18. Başvuruya konu olay ve şikâyetler dikkate alındığında mevcut başvuruda ileri sürülen iddialar ile tüketilmesi gereken yolun başvurucunun şikâyetleri açısından telafi imkânına sahip ve bir çözüm sağlayabilecek nitelikte olmadığını söyleyebilmeyi mümkün kılan bir sebep de bulunmadığından başvuru yollarının tüketilmesi kuralına istisna tanınmasını gerektiren bir durumun da olmadığı görülmektedir (Didem Tütenk [1.B],B. No: 2013/7525, 10/6/2015, §§ 40, 41).
19. Açıklanan gerekçelerle başvurunun bu kısmının diğer kabul edilebilirlik koşulları yönünden incelenmeksizin başvuru yollarının tüketilmemesi nedeniyle kabul edilemezliğine karar verilmesi gerekir.
D. Ayrımcılık Yasağının İhlal Edildiği İddiası
20. Başvurucu, ilgili mevzuatın herkese eşit bir şekilde uygulanmadığını, hükümlüler arasında farklı usullerle denetim serbestlik kararı verildiğini belirterek ayrımcılık yasağının ihlal edildiğini öne sürmüştür.

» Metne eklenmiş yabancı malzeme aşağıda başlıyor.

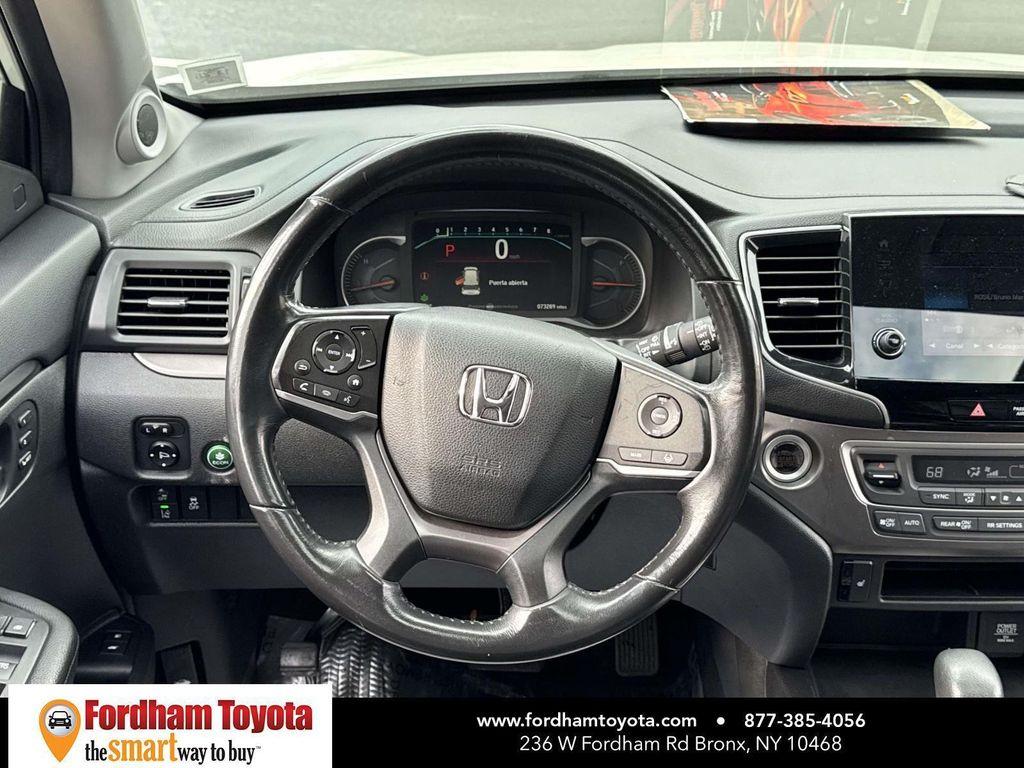 used 2019 Honda Pilot car, priced at $20,999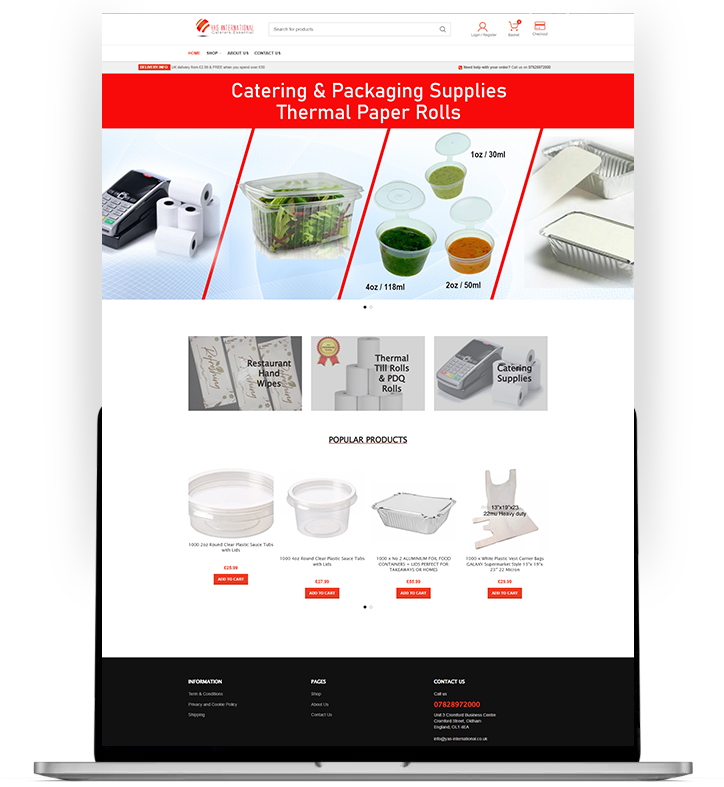 ECommerce Website Design & Development Company in Dubai, UAE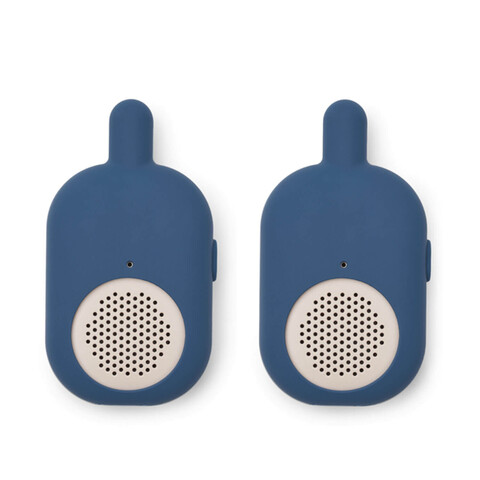 LIEWOOD Nael Walkie Talkie indigo blue – Kinder Funkgerät für Abenteuer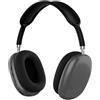 ClaShop P9 Cuffie Bluetooth wireless, Hi-Fi, stereo, con microfono, per sport, cancellazione del rumore, per viaggio/casa/ufficio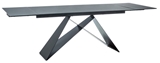 Show details for Dining table Signal Meble Westin II Black, 2400x900x760 mm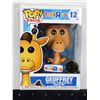 Image 2 : TOY R US FUNKO 12 GEOFFREY GOLDEN TICKET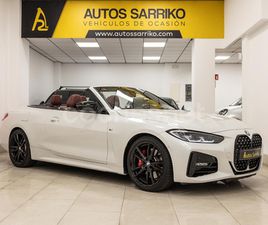 BMW SERIE 4 CABRIOLET 420 SEGURIDAD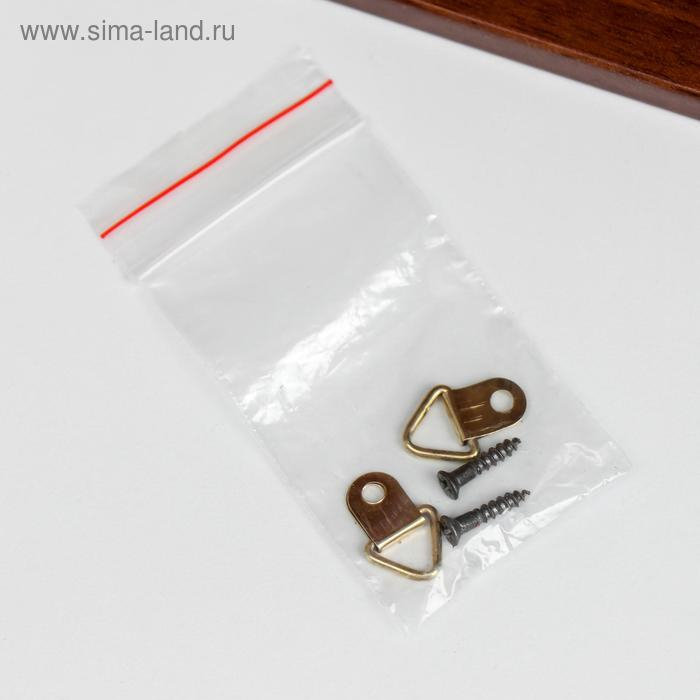 Ключница "Сова в ночи" орех 15х21 см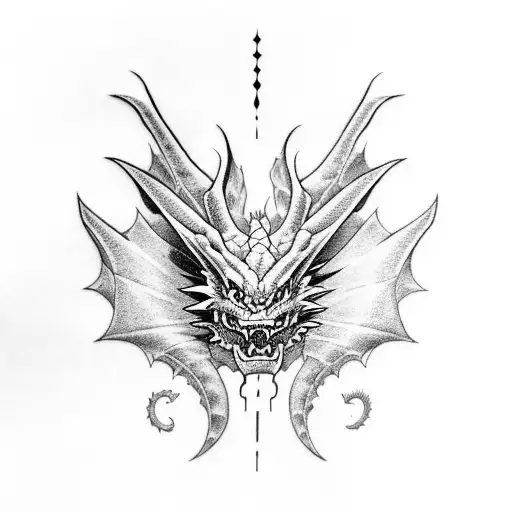 Haku Dragon From Chihiro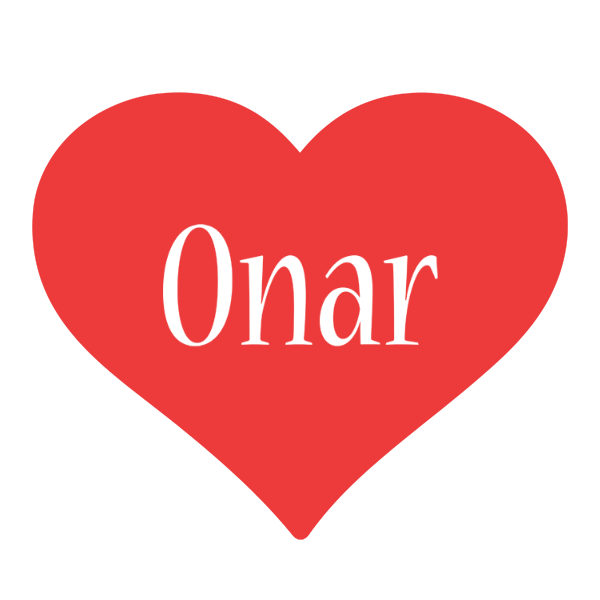 Onar love logo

21. Anayasa'nın 10. maddesinde düzenlenen eşitlik ilkesi ve Sözleşme'nin 14. maddesinde düzenlenen ayrımcılık yasağının ihlal edildiğine yönelik iddiaların soyut olarak değerlendirilmesi mümkün olmayıp mutlaka Anayasa ve Sözleşme kapsamında yer alan diğer temel hak ve özgürlüklerle bağlantılı olarak ele alınması gerekir (Onurhan Solmaz [1.B], B. No: 2012/1049, 26/3/2013, § 33).
22. Somut olayda başvurucu kendisine ayrımcılık yapıldığını iddia etmiş ise de bu iddiasını somutlaştırmamış, diğer bir ifadeyle bu iddiasını temellendirmemiştir. Bu nedenle bu konudaki iddiaların temellendirilmemiş şikâyet mahiyetinde olduğu değerlendirilmiştir.
23. Açıklanan gerekçelerle başvurunun bu kısmının açıkça dayanaktan yoksun olması nedeniyle kabul edilemez olduğuna karar verilmesi gerekir.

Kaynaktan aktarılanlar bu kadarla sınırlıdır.